If you haven't before, check out Unhappily Ever After costumes (Ebay may be the best place to find them now): Creeping Beauty, Snow Fright, Helle's Belle, Little Dead Riding Hood, R.I.P.unzel, Sinderella. 
I was Snow Fright one year, and loved it. The skirt was sheer, which I didn't know when I ordered it, and I ended up wearing French Maid bloomers underneath. That made for a good blend of gothic-horror and sexiness. Maybe the Creeping Beauty costume would work for you? I hope you find what you're looking for.


----------



## Greikate (Sep 5, 2011)

My friend and I are designing an evil red. Not quite as gory/sexy as this (^found online), but I'm excited to see her red cloak when we are finished.

Good luck!!


----------



## tkguess (Oct 2, 2011)

I made my own stuff for creepy fairy tales costume.
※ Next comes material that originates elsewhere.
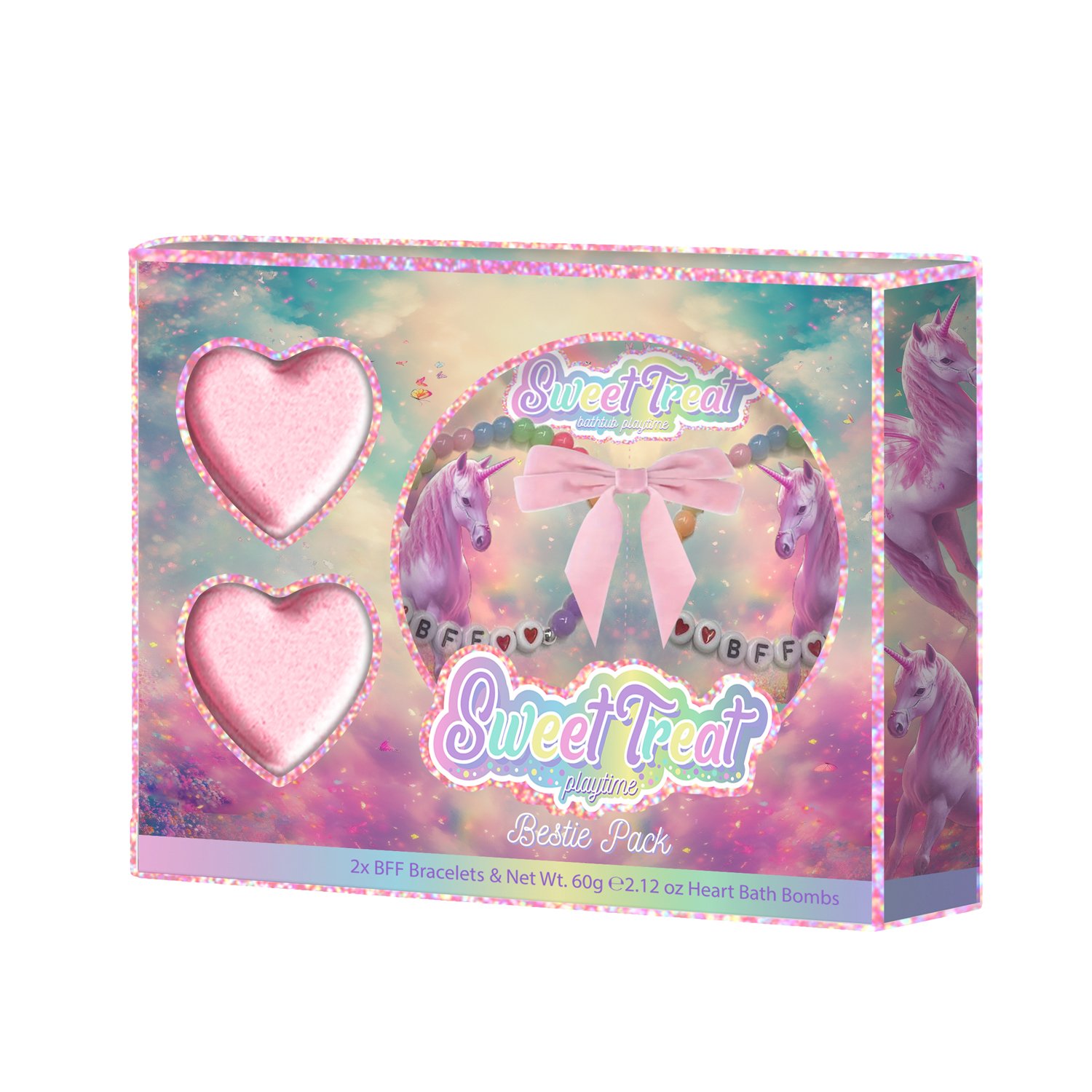 Sweet Treats Friendship Bracelets Set 4 piece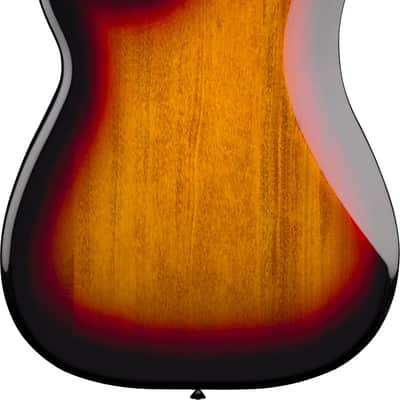 Fender Standard Precision Bass - 3-Color Sunburst (Open Box) image 2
I am shooting a book right now called Unhappily ever after: Fairy tales with a twist. (Funny I just saw the costume line of the same name but couldn't really afford all of them for my shoots. If anyone is interested in sneak peeks from the book or updates on when it comes out the page is http://www.facebook.com/UnhappilyEverAfterTaleswithaTwist?ref=hl or just search for it on facebook. If you like the page you will get updates on when the book comes out and sneak peaks from the shoots/


----------



## badgirl (May 4, 2008)

We did this theme a few years ago and the costumes were awesome! My hubby and I went as "Tragedy Ann and Andy" kind of a torn up zombie version. But our costume winners were Sinderella and Pimp Charming. It think there is a photo in my album from this year, but they carried around a severed foot with a glass slipper and they were hysterical.


----------